Throughout the year, the Commission considered performance against a range of specific measures that underpin this indicator. While the Commission expects to see further improvement in scheme performance, it considers that the Commonwealth scheme is performing well overall. The scheme is fully funded and the Commission has in place a well developed system for monitoring scheme performance. In addition, the Commission is satisfied that strategies are in place to address issues
that are adversely affecting scheme performance. The scheme compares favourably with other OHS and workers’ compensation schemes in Australia.

Price

  • Budget estimate $147.4 million

Adjusted at Mid-Year Economic Fiscal Outlook to $152.4 million

The actual price for delivering Output 1.3 was $151.0 million

Assets exceed liabilities

As at 30 June 2004, notional funds in the Consolidated Revenue Fund ($914.6 million) exceeded the estimate of outstanding liabilities ($807.6 million). This means that the scheme remains fully funded with a notional reserve of $107 million (or 13%). Comcare has added to the consultant actuaries’ estimate of outstanding liabilities a 10.6% prudential margin which the actuaries estimate increases the probability of the estimate being sufficient from 50% to 85%.

Premiums reflect estimated costs of claims

Under the SRC Act, annual premiums fund the costs of claims for workers’ compensation for injuries suffered after 30 June 1989.

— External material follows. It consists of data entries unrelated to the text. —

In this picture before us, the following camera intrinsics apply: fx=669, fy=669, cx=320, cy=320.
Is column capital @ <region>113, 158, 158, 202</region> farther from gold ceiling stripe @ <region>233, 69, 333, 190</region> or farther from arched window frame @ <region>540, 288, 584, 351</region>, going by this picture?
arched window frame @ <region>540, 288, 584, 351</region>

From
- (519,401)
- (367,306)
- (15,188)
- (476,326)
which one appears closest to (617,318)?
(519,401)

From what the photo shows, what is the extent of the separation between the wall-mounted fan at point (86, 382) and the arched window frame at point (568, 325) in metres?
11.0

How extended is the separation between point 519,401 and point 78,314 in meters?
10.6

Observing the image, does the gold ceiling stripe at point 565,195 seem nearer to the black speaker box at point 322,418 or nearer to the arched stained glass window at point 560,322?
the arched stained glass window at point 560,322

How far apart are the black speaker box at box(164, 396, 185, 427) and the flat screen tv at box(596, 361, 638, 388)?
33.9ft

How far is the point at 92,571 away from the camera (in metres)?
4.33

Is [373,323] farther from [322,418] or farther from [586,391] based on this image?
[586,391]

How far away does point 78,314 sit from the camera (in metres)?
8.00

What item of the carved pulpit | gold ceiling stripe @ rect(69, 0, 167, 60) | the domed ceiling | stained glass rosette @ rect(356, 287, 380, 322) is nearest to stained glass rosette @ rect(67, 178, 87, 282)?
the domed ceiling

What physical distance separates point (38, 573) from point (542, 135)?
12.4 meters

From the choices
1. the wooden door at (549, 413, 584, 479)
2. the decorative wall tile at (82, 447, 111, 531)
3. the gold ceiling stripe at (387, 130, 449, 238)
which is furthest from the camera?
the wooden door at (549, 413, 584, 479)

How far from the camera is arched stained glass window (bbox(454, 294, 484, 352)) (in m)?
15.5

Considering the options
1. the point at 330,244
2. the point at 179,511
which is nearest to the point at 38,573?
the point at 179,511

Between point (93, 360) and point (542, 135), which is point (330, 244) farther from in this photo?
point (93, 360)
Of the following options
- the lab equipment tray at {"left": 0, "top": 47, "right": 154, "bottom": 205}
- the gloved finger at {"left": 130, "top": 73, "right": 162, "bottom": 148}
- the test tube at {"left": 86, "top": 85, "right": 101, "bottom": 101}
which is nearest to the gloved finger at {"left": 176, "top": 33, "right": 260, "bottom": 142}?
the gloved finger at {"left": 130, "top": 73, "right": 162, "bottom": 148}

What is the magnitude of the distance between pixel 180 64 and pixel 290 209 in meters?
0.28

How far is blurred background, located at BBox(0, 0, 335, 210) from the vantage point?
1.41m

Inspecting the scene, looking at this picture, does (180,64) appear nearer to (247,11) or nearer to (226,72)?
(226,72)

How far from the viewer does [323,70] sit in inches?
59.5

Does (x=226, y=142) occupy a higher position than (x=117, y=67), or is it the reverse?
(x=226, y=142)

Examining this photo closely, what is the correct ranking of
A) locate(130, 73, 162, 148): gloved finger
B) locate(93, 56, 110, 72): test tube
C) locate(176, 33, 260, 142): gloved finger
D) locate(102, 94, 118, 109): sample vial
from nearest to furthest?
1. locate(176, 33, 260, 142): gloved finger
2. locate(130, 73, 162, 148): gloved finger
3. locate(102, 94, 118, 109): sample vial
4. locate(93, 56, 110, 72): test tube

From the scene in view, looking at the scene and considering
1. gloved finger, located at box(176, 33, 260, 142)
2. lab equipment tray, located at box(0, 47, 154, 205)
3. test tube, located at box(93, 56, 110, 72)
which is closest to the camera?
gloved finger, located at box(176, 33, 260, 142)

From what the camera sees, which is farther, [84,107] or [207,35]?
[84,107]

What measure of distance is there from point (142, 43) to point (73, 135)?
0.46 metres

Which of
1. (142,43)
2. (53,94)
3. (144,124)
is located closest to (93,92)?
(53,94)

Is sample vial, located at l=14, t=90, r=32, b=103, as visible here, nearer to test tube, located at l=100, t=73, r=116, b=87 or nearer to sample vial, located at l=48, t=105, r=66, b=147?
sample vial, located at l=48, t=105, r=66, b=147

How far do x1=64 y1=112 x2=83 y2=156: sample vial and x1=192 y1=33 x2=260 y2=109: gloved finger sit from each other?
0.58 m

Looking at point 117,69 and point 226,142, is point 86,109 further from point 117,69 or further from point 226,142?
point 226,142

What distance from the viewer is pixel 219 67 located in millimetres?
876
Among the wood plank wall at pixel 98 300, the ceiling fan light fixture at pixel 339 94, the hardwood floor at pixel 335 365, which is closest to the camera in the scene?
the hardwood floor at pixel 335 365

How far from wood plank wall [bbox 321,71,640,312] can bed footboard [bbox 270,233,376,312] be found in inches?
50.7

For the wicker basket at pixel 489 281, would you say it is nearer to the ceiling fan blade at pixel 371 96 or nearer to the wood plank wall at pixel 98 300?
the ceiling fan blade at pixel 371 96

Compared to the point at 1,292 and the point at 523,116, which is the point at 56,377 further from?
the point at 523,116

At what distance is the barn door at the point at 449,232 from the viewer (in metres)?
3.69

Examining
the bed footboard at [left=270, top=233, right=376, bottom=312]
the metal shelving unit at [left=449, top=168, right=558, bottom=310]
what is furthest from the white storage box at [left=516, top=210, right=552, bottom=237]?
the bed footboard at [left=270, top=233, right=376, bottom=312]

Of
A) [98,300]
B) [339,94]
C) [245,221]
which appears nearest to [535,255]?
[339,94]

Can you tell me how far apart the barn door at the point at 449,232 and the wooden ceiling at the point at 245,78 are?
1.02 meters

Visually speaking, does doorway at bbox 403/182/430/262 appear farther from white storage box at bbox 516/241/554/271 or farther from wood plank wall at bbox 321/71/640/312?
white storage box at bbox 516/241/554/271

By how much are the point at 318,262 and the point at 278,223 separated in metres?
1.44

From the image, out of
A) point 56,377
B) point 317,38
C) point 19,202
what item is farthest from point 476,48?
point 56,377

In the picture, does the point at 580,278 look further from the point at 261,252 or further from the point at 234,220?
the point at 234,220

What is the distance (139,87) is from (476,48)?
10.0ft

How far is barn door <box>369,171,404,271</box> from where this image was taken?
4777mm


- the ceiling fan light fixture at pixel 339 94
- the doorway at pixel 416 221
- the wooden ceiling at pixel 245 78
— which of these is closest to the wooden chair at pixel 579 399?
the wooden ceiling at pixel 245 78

Before setting the total of all premiums that it will collect each year, Comcare considers advice from consultant actuaries on the overall amount that should be collected in premiums. The actuaries estimate the total for Australian Government agencies separate from a premium for the ACT Government.

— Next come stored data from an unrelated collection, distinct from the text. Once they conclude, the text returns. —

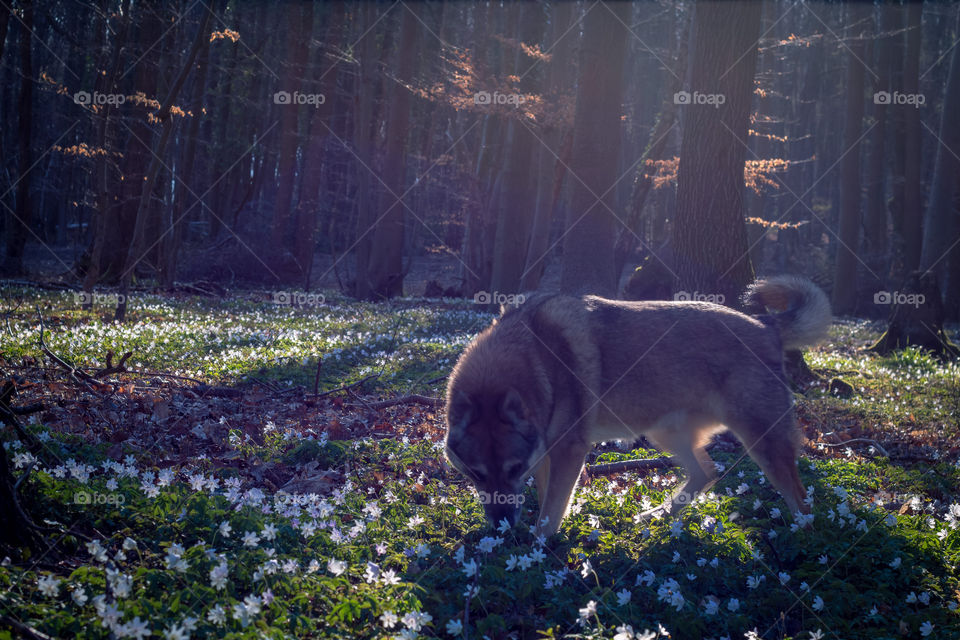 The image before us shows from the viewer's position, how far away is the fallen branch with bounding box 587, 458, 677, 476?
6.97 metres

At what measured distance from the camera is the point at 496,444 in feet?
16.2

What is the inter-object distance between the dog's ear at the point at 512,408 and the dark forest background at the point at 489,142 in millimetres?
6899

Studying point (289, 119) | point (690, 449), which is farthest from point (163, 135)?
point (289, 119)

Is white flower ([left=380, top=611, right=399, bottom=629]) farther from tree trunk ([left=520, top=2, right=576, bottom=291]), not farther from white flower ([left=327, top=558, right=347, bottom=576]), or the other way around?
tree trunk ([left=520, top=2, right=576, bottom=291])

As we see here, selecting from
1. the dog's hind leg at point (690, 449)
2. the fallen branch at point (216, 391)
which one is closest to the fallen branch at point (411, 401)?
the fallen branch at point (216, 391)

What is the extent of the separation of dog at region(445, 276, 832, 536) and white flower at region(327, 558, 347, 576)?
1.40m

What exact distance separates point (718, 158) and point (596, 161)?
5680mm

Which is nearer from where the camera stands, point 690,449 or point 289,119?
point 690,449

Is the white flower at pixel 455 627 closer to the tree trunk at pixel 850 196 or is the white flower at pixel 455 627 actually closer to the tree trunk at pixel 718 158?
the tree trunk at pixel 718 158

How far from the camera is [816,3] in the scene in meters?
47.3

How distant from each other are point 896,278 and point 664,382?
22542 millimetres

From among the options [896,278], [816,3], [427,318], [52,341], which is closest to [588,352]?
[52,341]

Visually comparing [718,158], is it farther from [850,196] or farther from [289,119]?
[289,119]

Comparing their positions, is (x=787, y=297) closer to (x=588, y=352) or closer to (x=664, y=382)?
(x=664, y=382) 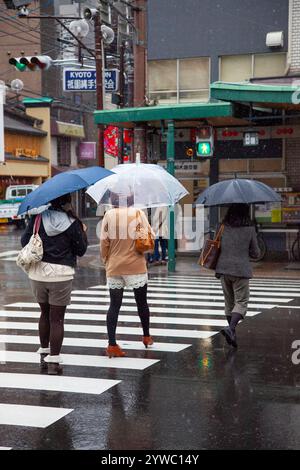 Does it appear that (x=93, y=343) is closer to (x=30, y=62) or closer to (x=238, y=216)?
(x=238, y=216)

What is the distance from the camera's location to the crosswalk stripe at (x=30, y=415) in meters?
5.62

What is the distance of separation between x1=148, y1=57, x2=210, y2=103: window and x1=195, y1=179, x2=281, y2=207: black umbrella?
14961 mm

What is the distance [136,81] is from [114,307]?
16.1 metres

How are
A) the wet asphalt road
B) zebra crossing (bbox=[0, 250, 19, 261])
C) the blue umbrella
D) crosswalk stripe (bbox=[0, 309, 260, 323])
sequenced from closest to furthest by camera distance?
the wet asphalt road → the blue umbrella → crosswalk stripe (bbox=[0, 309, 260, 323]) → zebra crossing (bbox=[0, 250, 19, 261])

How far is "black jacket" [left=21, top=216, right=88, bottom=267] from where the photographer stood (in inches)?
282

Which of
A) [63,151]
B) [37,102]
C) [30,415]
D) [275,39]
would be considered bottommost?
[30,415]

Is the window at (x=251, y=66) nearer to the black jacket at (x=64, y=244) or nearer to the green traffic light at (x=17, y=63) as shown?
the green traffic light at (x=17, y=63)

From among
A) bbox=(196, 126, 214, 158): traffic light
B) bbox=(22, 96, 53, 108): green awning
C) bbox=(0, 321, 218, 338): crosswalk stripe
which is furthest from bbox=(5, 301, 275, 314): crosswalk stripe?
bbox=(22, 96, 53, 108): green awning

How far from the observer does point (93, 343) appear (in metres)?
8.85

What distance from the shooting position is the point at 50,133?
54.2 meters

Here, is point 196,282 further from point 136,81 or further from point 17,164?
point 17,164

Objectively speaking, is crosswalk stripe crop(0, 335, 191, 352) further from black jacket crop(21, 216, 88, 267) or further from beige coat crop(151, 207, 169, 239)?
beige coat crop(151, 207, 169, 239)

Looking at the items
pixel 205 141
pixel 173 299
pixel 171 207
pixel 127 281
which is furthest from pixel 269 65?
pixel 127 281

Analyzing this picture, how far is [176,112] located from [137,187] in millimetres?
10041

To fund claims for injuries that may be suffered in 2004 – 05, the actuaries advised Comcare that, in response to claim trends, Comcare must increase the 2004 – 05 premium pool for Australian Government agencies. Comcare obtained independent advice from a second firm of consultant actuaries that confirmed the need for the increase.

Comcare set the 2004 – 05 premium pool for Australian Government agencies at 1.67% of payroll, compared with 1.43% for 2003 – 04. Comcare set the 2004 – 05 premium for the ACT Government
at 3.07% of payroll, compared with 3.13% for 2003 – 04.

Managing workers’ compensation claims

Key data

In 2003 – 04, Comcare

  • managed a total of 18,650 claims
  • received 6,644 new claims and determined 6,364 — of these, 5,749 were accepted
  • decided 1,768 requests for reconsideration
  • received 693 appeals to the Administrative Appeals Tribunal (AAT) — 699 matters were decided
  • took, on average, 18 days to determine new claims and 37 days to decide reconsiderations.